Short text fragments from websites:
========

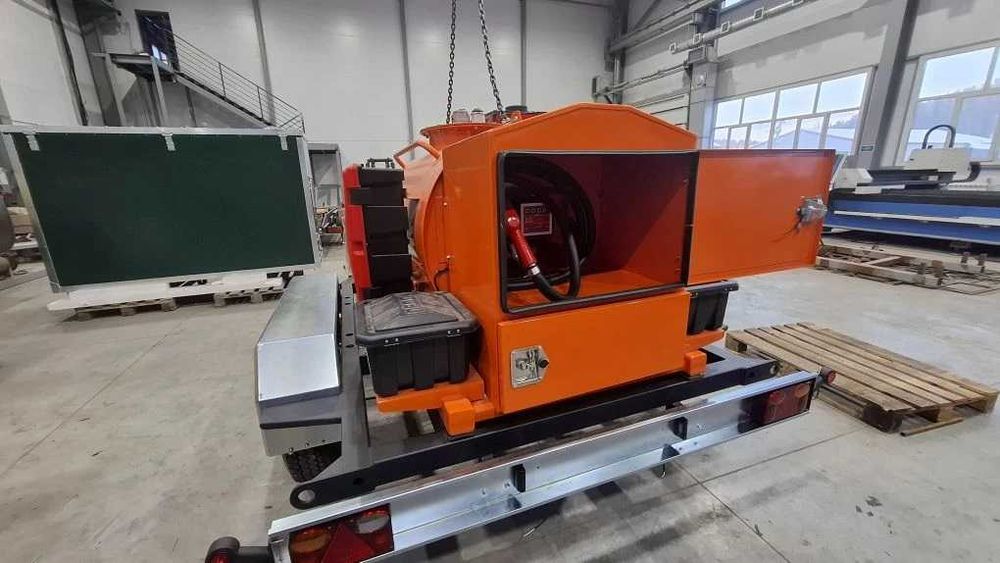 Прицеп цистерна  заправки нефтепродуктами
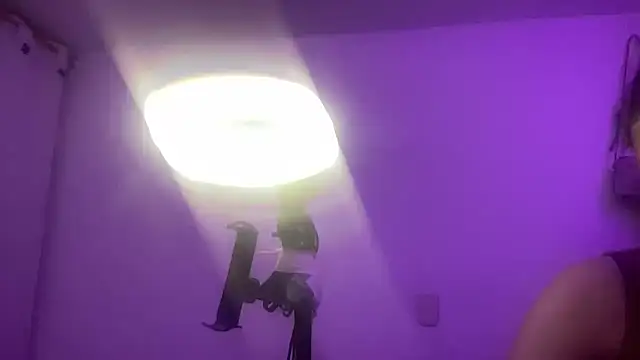 Snapshot of salome_polaniiee chatting on 09.16.25 salome polaniiee online show from 09.16.25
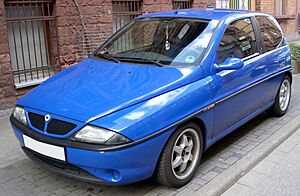 Archivo:Lancia Y front 20080320
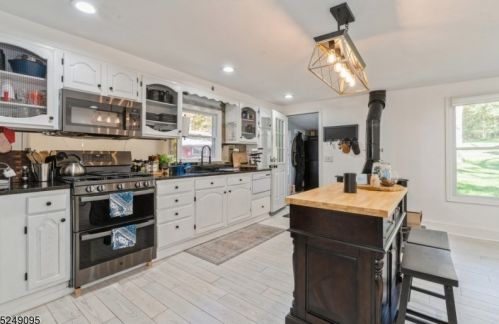 878 Macopin Rd, West Milford NJ  07480-2620 exterior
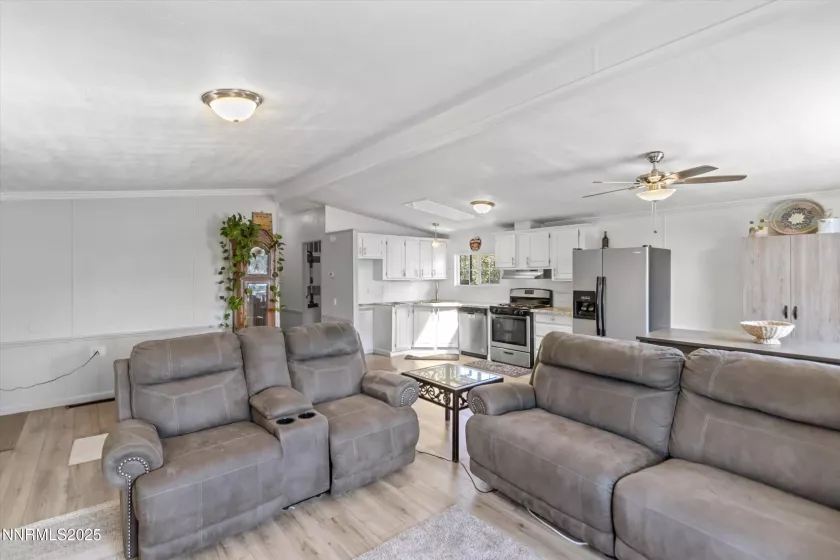 601 Jenni, Moundhouse, Nevada 89706, 3 Bedrooms Bedrooms, ,2 BathroomsBathrooms,Residential,Residential,Jenni,250054146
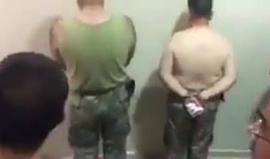 #شاهد| والي صقاريا للإنقلابيين المعتقلين: كيف تجرأتم باطلاق النار على مواطنين أتراك؛ انتم لا لستم من هذا الشعب.

#تركيا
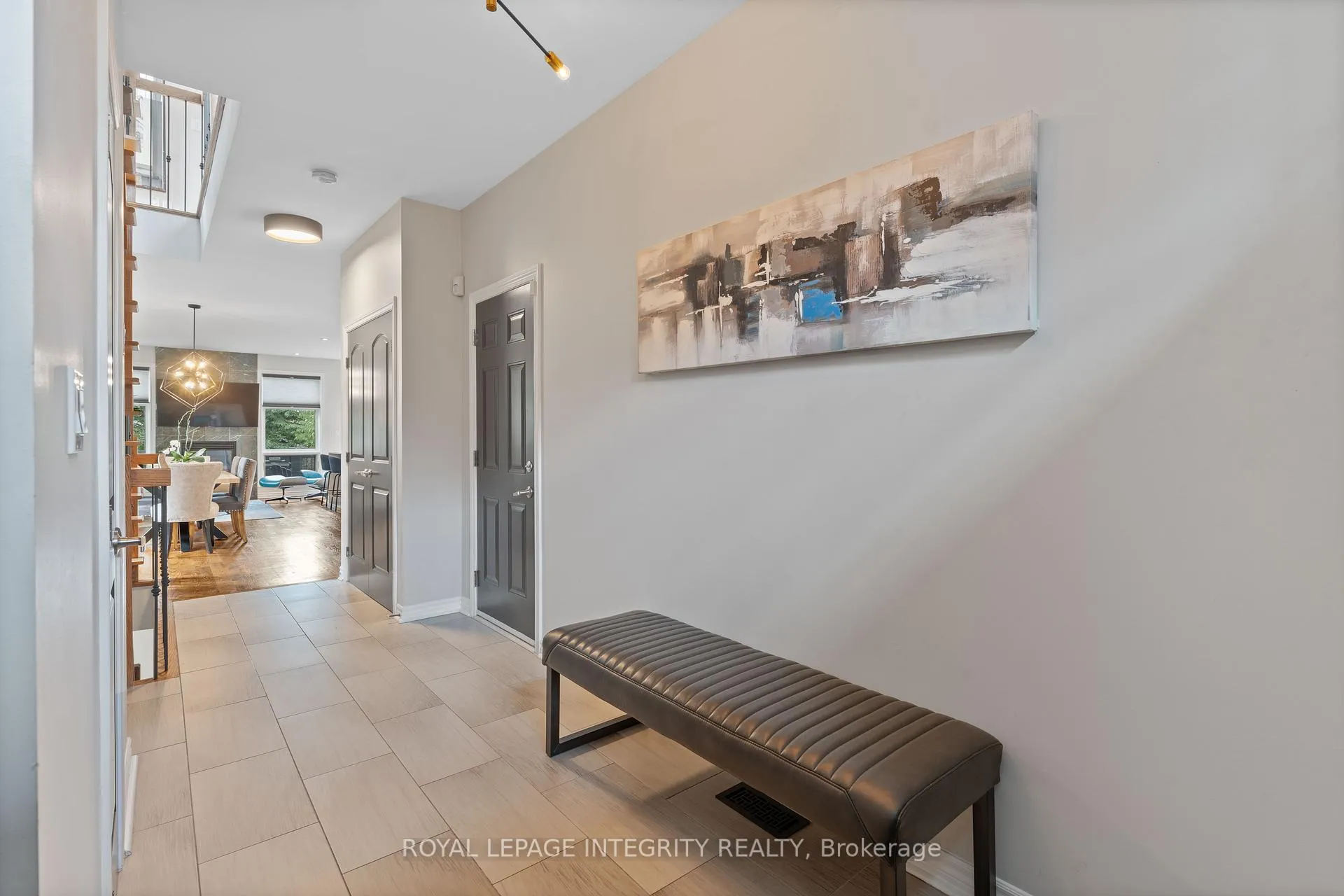 Photo 3 of 823 Petra Private, Ottawa, Kanata - Kanata Lakes/Heritage Hills — HOMEH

========

About this exercise
Each line from the top of the records through the one containing "601 Jenni, Moundhouse, Nevada" needs to be transcribed exactly, without pictures.

Reply to the exercise
 Прицеп цистерна  заправки нефтепродуктами
 Snapshot of salome_polaniiee chatting on 09.16.25 salome polaniiee online show from 09.16.25
 Archivo:Lancia Y front 20080320
 878 Macopin Rd, West Milford NJ  07480-2620 exterior
 601 Jenni, Moundhouse, Nevada 89706, 3 Bedrooms Bedrooms, ,2 BathroomsBathrooms,Residential,Residential,Jenni,250054146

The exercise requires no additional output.